The girl and her mother sued the school for negligence. They specifically asked the court, “does a school’s negligence in permitting a minor child student to leave school grounds in violation of school policy act as the superceding and proximate cause of the injuries late sustained to the minor child when the injuries sustained were foreseeable by the school?” and “is it possible for a fifteen-year old female to assume the risk of statutory rape when one of the elements of the defense is voluntariness on the part of the minor and the minor testifies that she was enamored, scared and did what the predator told her to do and when the law clearly states that consent/voluntariness cannot exist on the part of a minor who is statutorily raped?”
There are two points to be considered in this case. 1) was the schools negligence the proximate cause of her injuries? If she had not left the school grounds would the rape have been avoided? 2) Can a fifteen-year old girl assume the risk of her situation if she was “enamored and scared” (her judgment impaired) and if a minor’s consent to sexual intercourse in a criminal case is not applicable?
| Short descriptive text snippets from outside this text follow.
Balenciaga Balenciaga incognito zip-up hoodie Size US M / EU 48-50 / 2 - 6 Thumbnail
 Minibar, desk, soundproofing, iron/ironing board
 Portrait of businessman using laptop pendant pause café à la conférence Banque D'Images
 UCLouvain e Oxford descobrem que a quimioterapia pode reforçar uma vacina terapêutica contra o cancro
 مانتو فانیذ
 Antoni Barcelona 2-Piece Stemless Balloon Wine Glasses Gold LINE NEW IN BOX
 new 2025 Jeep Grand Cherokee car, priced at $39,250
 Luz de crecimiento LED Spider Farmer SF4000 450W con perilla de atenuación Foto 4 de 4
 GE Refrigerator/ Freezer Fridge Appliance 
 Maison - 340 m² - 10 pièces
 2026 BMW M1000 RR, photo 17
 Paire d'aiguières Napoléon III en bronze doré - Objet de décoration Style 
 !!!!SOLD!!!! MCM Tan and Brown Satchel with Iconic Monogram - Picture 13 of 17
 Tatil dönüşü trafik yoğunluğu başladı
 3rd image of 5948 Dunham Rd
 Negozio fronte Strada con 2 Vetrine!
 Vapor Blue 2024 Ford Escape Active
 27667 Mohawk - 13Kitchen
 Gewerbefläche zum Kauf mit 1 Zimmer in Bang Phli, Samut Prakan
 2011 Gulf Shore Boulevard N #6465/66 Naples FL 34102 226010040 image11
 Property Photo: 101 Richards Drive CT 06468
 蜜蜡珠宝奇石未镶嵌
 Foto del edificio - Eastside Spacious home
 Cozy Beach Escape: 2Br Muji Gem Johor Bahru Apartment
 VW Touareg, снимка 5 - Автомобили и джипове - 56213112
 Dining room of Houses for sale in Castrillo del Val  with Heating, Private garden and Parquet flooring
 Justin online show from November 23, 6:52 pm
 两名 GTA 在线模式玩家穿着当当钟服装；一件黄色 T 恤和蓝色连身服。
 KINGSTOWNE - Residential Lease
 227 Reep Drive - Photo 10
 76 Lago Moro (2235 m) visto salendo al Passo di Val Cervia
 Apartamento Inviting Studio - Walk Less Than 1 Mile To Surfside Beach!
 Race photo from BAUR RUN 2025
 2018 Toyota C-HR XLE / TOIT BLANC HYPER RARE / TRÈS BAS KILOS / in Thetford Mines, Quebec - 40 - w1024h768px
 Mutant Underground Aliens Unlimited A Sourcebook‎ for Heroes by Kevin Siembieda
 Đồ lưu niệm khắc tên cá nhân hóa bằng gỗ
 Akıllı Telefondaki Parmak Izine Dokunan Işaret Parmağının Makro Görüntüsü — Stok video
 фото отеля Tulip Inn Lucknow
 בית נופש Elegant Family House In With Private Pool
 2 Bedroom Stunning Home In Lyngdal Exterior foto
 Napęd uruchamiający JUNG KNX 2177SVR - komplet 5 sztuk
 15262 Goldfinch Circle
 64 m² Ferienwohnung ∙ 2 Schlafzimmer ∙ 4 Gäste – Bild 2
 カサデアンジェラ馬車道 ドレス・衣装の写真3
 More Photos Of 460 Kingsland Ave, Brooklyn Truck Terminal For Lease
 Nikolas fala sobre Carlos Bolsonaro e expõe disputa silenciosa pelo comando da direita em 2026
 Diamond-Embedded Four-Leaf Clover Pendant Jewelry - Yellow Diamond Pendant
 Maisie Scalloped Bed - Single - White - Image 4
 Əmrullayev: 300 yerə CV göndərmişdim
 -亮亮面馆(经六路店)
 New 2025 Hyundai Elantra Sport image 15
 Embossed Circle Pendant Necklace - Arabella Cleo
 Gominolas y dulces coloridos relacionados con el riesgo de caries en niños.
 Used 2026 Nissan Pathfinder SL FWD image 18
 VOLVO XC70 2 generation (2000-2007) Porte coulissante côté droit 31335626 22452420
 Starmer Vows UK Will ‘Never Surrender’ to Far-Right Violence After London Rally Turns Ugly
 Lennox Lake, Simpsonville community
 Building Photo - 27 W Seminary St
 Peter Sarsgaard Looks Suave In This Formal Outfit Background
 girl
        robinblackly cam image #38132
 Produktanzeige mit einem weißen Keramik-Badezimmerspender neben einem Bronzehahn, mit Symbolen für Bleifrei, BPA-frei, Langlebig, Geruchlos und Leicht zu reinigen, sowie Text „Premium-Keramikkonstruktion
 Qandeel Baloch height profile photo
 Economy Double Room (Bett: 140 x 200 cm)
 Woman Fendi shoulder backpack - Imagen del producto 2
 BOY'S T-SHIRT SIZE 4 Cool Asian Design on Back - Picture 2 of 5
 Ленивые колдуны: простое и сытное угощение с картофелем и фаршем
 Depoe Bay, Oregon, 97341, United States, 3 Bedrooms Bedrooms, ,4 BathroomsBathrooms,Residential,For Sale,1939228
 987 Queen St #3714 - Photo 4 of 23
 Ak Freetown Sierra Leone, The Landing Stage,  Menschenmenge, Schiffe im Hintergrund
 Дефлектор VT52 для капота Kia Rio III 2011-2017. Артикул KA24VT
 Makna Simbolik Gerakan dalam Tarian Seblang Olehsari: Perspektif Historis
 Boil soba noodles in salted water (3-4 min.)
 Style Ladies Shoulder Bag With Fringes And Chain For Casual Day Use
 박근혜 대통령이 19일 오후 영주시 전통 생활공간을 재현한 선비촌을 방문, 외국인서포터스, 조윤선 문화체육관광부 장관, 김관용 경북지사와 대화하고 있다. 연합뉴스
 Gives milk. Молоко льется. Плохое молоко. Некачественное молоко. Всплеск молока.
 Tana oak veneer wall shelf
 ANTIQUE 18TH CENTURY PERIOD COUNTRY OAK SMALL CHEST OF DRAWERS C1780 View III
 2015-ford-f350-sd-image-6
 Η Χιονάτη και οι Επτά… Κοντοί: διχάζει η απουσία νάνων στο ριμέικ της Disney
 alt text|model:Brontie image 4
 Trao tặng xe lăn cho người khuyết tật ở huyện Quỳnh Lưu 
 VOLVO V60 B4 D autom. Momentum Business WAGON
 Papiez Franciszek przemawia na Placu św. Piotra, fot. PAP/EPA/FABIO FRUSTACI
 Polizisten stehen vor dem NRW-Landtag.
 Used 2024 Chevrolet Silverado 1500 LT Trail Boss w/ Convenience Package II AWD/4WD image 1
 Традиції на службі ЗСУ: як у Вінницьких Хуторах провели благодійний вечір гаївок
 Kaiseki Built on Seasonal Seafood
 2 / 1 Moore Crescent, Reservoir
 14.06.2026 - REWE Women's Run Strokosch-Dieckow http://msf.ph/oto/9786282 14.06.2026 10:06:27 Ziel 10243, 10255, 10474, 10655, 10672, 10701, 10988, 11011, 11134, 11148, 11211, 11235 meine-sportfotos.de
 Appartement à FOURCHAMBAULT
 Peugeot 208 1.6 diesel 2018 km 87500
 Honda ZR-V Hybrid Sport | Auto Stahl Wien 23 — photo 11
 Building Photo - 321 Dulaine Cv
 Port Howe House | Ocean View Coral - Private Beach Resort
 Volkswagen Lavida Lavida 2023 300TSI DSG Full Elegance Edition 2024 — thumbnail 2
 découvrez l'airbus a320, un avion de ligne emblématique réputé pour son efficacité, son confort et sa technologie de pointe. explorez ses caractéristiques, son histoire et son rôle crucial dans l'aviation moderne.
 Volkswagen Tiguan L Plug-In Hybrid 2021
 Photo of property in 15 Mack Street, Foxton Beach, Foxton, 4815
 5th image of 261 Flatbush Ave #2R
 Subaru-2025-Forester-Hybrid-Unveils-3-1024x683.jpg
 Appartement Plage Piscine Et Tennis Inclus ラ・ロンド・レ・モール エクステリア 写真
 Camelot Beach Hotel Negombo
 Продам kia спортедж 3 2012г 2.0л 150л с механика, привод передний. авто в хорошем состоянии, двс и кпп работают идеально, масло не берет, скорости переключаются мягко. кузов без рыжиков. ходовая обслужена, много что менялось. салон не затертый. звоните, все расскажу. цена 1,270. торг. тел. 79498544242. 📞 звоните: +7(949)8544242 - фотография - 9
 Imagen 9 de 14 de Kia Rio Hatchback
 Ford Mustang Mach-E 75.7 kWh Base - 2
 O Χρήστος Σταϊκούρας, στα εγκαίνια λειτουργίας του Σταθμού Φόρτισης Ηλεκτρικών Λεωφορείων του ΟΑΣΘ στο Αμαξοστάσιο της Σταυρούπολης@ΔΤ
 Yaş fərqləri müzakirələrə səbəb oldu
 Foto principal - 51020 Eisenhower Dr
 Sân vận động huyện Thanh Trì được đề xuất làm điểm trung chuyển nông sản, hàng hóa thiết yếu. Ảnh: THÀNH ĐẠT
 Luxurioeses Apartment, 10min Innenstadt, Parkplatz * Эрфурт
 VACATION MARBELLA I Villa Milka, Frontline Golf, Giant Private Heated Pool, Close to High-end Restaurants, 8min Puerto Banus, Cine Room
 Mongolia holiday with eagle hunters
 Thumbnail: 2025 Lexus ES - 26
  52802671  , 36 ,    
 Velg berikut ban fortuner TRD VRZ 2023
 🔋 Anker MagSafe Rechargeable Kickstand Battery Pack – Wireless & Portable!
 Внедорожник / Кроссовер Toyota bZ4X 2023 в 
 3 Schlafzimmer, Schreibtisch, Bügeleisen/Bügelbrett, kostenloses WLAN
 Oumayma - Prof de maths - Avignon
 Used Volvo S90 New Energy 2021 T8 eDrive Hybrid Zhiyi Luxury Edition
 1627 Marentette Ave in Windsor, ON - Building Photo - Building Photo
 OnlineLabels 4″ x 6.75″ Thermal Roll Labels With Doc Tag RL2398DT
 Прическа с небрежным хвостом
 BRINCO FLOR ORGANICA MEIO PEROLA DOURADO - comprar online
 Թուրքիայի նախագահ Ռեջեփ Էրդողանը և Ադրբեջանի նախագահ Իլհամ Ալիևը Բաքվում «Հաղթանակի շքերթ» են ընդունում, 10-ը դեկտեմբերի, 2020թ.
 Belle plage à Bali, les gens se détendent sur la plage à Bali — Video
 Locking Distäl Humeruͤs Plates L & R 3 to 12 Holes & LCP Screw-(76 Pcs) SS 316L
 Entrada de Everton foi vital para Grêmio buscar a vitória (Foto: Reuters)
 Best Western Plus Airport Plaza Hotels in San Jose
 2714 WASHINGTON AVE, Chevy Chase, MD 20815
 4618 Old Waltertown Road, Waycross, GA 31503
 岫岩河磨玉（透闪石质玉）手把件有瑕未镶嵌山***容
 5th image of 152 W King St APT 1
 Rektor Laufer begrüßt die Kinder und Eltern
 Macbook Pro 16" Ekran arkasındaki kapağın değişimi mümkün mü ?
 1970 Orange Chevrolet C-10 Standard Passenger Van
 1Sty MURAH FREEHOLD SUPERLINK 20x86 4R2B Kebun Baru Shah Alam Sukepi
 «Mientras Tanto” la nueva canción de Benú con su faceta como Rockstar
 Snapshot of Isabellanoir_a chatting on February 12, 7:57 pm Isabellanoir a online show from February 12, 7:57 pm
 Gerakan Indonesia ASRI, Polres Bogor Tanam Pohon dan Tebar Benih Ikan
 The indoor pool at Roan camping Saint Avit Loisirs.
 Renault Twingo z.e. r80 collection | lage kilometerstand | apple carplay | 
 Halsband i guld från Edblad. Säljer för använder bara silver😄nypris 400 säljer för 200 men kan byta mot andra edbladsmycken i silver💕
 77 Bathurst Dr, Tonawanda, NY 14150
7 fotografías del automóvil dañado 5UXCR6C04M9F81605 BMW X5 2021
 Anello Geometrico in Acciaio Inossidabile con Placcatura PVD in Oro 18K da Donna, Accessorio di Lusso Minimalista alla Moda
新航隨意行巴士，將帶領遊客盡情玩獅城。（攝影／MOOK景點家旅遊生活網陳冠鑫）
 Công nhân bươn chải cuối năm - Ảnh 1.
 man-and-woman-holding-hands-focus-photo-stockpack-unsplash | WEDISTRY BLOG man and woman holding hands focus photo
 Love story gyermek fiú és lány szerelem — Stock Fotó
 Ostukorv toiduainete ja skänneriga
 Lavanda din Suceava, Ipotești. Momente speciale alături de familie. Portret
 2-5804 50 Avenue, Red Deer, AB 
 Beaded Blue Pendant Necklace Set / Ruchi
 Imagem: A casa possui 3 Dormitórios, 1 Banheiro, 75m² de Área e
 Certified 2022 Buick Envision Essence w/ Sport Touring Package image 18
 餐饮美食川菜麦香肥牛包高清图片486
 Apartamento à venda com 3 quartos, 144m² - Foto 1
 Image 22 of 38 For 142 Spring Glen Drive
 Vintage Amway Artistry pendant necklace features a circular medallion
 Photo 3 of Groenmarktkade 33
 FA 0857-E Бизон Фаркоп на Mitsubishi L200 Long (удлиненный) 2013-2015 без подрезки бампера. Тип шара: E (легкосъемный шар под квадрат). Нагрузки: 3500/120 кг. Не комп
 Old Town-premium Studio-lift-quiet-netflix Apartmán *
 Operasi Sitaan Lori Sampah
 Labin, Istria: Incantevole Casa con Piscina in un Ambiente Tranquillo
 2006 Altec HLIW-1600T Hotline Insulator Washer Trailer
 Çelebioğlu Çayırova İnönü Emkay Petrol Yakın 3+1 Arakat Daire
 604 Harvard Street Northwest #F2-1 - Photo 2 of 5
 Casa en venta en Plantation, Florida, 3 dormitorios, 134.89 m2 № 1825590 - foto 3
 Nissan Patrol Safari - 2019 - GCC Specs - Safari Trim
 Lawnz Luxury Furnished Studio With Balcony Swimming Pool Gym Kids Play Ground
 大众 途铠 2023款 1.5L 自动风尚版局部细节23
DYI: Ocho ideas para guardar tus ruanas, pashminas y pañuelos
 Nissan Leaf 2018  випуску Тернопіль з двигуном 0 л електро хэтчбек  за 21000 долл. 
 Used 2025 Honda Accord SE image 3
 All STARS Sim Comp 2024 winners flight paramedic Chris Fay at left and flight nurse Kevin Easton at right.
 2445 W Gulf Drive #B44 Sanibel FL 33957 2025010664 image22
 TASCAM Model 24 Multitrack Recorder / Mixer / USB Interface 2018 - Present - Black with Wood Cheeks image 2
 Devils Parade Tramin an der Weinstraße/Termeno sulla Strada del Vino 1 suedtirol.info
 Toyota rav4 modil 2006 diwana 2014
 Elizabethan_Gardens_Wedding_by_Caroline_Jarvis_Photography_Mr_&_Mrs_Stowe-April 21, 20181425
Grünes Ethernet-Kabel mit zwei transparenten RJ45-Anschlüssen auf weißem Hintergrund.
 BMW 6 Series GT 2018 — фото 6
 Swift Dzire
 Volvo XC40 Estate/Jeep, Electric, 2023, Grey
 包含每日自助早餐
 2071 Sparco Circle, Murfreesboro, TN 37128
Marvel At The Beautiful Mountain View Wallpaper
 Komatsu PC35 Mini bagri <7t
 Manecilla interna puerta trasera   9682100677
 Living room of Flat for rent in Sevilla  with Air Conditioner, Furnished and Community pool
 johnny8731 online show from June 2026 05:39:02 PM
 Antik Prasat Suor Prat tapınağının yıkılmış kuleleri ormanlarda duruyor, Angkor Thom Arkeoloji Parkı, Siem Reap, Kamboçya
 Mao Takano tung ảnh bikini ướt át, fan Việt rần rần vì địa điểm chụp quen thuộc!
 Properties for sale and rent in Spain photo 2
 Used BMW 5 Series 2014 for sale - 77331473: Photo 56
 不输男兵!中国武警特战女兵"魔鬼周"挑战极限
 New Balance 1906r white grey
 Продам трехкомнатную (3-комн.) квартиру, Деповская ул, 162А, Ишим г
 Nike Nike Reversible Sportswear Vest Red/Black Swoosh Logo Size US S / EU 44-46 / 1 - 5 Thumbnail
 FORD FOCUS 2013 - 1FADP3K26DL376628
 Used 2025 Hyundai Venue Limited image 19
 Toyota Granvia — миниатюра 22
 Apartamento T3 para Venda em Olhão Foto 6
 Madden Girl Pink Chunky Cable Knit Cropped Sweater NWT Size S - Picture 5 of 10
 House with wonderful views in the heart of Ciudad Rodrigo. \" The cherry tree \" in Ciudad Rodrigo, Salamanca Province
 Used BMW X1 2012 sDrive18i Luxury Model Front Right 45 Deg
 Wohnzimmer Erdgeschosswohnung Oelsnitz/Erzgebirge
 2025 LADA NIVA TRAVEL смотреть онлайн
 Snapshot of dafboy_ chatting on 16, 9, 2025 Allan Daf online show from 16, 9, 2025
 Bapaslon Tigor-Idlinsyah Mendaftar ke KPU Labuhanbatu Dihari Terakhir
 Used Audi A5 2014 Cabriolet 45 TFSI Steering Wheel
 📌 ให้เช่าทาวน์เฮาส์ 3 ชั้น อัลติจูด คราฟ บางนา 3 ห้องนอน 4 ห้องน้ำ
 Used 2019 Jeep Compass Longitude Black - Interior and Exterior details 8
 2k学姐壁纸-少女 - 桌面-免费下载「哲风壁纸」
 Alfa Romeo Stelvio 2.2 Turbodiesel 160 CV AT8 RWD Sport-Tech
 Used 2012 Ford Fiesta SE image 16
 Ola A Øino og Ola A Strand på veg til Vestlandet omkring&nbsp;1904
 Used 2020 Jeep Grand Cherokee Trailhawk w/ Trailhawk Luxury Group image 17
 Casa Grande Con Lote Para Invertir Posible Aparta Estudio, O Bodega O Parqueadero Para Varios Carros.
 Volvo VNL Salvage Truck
The school argued that the girl assumed the risk of her actions and that the school could not be held negligent for letting her leave the premises. The court agreed. The explanation, however, was not so simple. The judges relied on the specific facts of the case to rule on the side of the school.
Here are the facts: During a Thanksgiving holiday before the event in question, her uncle made sexual advances toward the girl including lifting her shirt and skirt. The next Monday the uncle phoned the girl in the morning before she left for school and told her he was going to come to school and pick her up “so he could take [her] to his house and have sex with [her]”. After lunch the uncle arrived at school and the girl was called out of class to “give a key” to her uncle. The uncle tried to take her from school but the school secretary said he could not. After the giving of the key, the secretary walked out of the office with both the girl and her uncle and watched as they left in separate directions. When the secretary returned to the office, the girl and her uncle rejoined somehow and left the school premises together. There was a guard booth at the entrance to the school which was unmanned at the time the girl and her uncle left he premises together. The uncle then drove them to his house, where he had intercourse with her. He then returned her to the school ten minutes before the school dismissal time.
The opining judge describes what assumption of risk involves: the student must have knowledge and appreciation of the risk. The judge rules that because the girl was the subject of sexual advances by the uncle previously and because he called her and told her what he planned to do the morning of the assault, that the girl had a knowledge and appreciation of the risk involved. The judge then states that “there are some cases that do say there may not be an assumption of risk where there is no alternative available”. The judge said that there were alternatives available. These could have included talking to her mother the first time the advances occurred, staying in the office when her uncle came to pick her up or returning to class. If she had taken any of these steps the incident would have been averted.
Therefore the school’s allowing the girl to leave was not the proximate cause of her injury and the girl did assume the risk of her actions.
The judge also explains that although assumption of risk (or consent) of a minor is not applicable in a criminal case, it is applicable in a civil case, even one that involves statutory rape.
This case presents some serious questions to schools that are not gated or those that provide easy opportunities for students to leave at will. The school I work at and many other schools that I have been to have numerous buildings that middle and high school students walk back and forth to for various classes. One of the concerns, as stated by an administrator is this: what would be the consequences if students were not supervised properly as they walked from building to building and were taken by a sexual predator? This raises the question of whether schools that are not gated have supervision regulations to avert such a possibility as this.
And even if the above scenario is far fetched in some people’s minds, this next one isn’t. All schools have children who are involved in their parents divorce, parents who are fighting for custody of their children. The school I work at has, at numerous times, had to stop one or another parent from picking up a child for which they have lost custody. The question then is, to what extent would the school be held liable if the child were taken from school, either knowingly or by snatching him during the day while he was walking from one building to another?
In this case the female student assumed the risk of her actions, but that is not the case in all instances.
Schools have a duty of care. That care involves proper supervision. Moreover, if the school has a policy which bars students from leaving the school without proper permission yet the school fails to institute rules to enforce that policy and a student leaves without permission and is injured in some way then the school is likely to be the target of a negligence case.